##### DATA #####

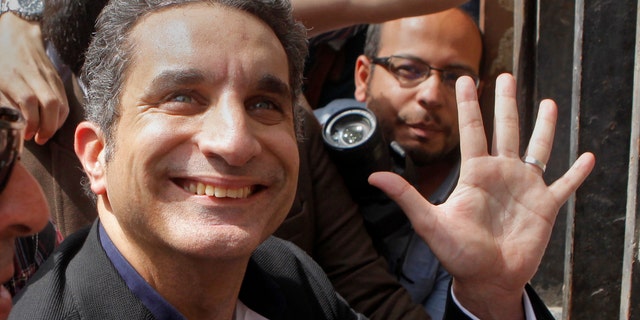 Popular Egyptian television satirist Bassem Youssef, who has come to be known as Egypt's Jon Stewart, waves to is supporters as he enters Egypt's state prosecutors office to face accusations of insulting Islam and the country's Islamist leader in Cairo, Egypt, Sunday, March 31, 2013. Government opponents said the warrant against such a high profile figure, known for lampooning President Mohammed Morsi and the new Islamist political class, was an escalation in a campaign to intimidate critics. (AP Photo/Amr Nabil)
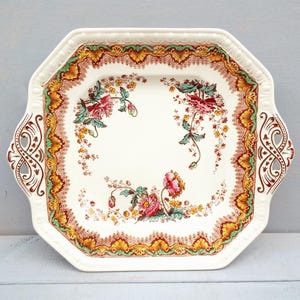 May include: An octagonal, off-white serving platter with a floral design. The rim features a decorative border of green, gold, and brown. The center of the platter displays pink and red flowers with green leaves. Handles are on each side.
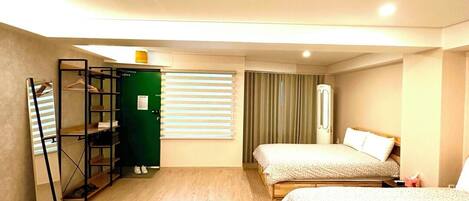 A hotel room with two beds, a wardrobe, a mirror, and a green door.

#####

• _EXERCISE PROMPT_
Please retype the material above exactly, and omit its images.

• _RESULT OF THE EXERCISE_
 Popular Egyptian television satirist Bassem Youssef, who has come to be known as Egypt's Jon Stewart, waves to is supporters as he enters Egypt's state prosecutors office to face accusations of insulting Islam and the country's Islamist leader in Cairo, Egypt, Sunday, March 31, 2013. Government opponents said the warrant against such a high profile figure, known for lampooning President Mohammed Morsi and the new Islamist political class, was an escalation in a campaign to intimidate critics. (AP Photo/Amr Nabil)
 May include: An octagonal, off-white serving platter with a floral design. The rim features a decorative border of green, gold, and brown. The center of the platter displays pink and red flowers with green leaves. Handles are on each side.
 A hotel room with two beds, a wardrobe, a mirror, and a green door.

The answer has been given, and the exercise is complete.